This place is truly a godsend, a perfect opportunity to get away from the Western World in the middle of the work day and pop into a Japanese ramen-ya to feel a little bit local for an hour. Conveniently located on Wo On Ln in Central, a 5 minute walk from the bustling brand-clad Queen’s Road, Butao King gives one a chance to forget about work for a few minutes, enjoy life through flavor, and leave feeling satisfied, happy and whole. I’ve gone here several times and it’s always been pretty much the same, simply brilliant.
The restaurant is a shoebox-sized hole in the wall with 3 small tables and a bar facing the matchbox-sized kitchen in the back. Across the street from the place is a line of people waiting to occupy the 10-12 seats therein, kept hydrated with a very helpful staff member bringing out complementary ice-water. While you wait, you are handed a little form on which you are asked to fill out your preferences on which type of broth you want (plain, spicy, basil pesto or squid ink), the texture you want you noodles served, how much oil you want and, interestingly, how powerful you want the flavor to be. You can also specify whether you want extra of anything. I usually tick “little” for oil and “a lot” for flavor, but normal for everything else. The stuff is perfect already. I’ve tried all four of the soups at the place and not one of the, have let me down.
Once you’re in, you’re part of it. The experience is a loud one. The chefs and the 3 waiters yell things back and forth almost constantly, their shouts punctuating the slurping of restaurant patrons. The place is cramped. People are close together and the already tiny eating surfaces are full of chopsticks and containers of pickled bean-sprouts and chili pastes. The two chefs in the back work tirelessly to feed the hungry masses and they move around in that tiny kitchen gracefully, as if entwined in some sort of beautiful noodle-making waltz. And the stuff that comes out of there… artistry every time.

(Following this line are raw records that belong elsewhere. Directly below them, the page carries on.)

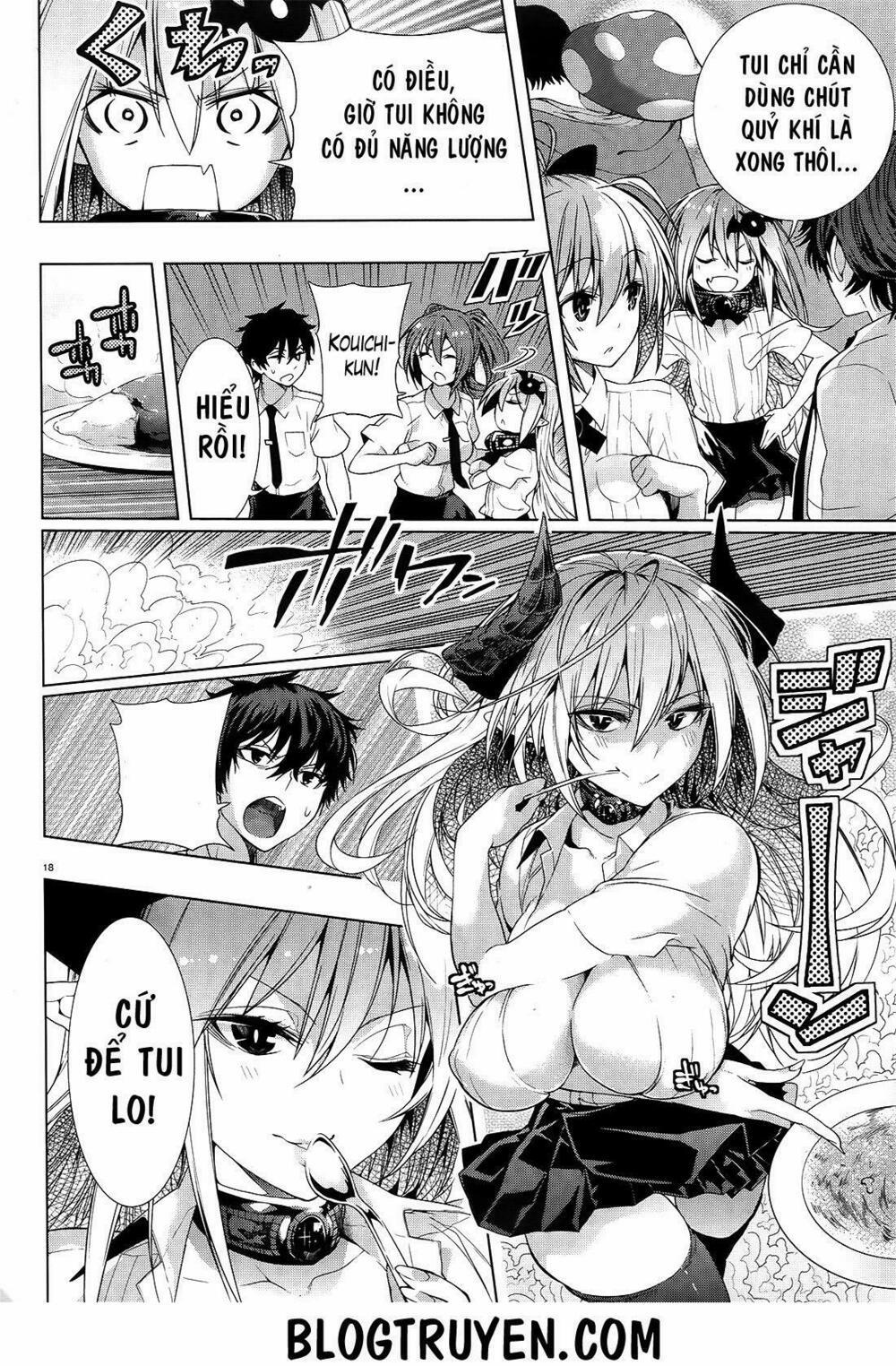 Floor Ni Maou Ga Imasu 8 trang 18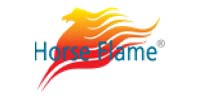 Horse Flame Logo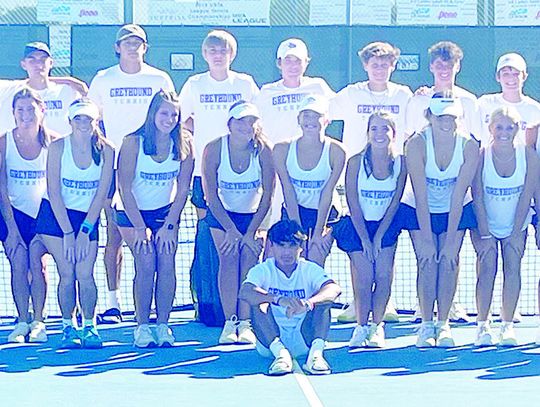 Boerne High tennis team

There are four main types of ramen dishes served at Butao King but each of them are adjustable, customizable even.
Butao King: Although this one is considered the “basic,” there is nothing simple about the harmony and complexity of flavors and textures within. The tonkotsu pork bone broth is absolutely wonderful, comforting and creamy. The thing resonates with flavor, conducting the essence of the pork without actual BEING pork in much the same way as bone marrow does when roasted. This is probably the result of the chefs allowing the bone to give up everything it’s got flavorally to the liquid around it, by interacting with it for 20 hours cooking time. The collagen from the bone and the starch from the noodles within thicken the sauce, giving it a beautiful glossy, rich texture to support that beautiful meaty flavor. The Hakata-style noodles are incredible as well. They are, first of all, white like they should be and unlike the yellow stuff you normally get in inauthentic versions. They are incredibly thin and cooked perfectly. The first bite always seems a bit too al dente to me (probably for the Western palate) but it becomes evident after 3 bites that this initial reaction is only an unfortunately side effect of too many past bowls of overcooked noodles, easy to chew, easy to swallow flabs of wet dough lazily slobbered down without taking a second to appreciate the texture. These noodles are different. One bites these noodles, cuts them with incisors and chews the mass of them before swallowing. The starch boiling in the broth makes the exterior of each noodle a tiny bit slippery, allowing them to stick together and move down your throat with ease. The Chāshū (Japanese style pork, rolled into a log, braised in red wine and a bit of soy sauce at a low temperature and sliced thin) is also heavenly. Super thin, beautifully marbled, lean. Hate this expression but it really does melt in one’s mouth leaving nothing but a bit of flesh-fiber fizz and wonderful pork flavor. The small heap of black fungus added a bit of a crunch while the big mound of chopped spring onions freshened up the heavy flavors of the broth.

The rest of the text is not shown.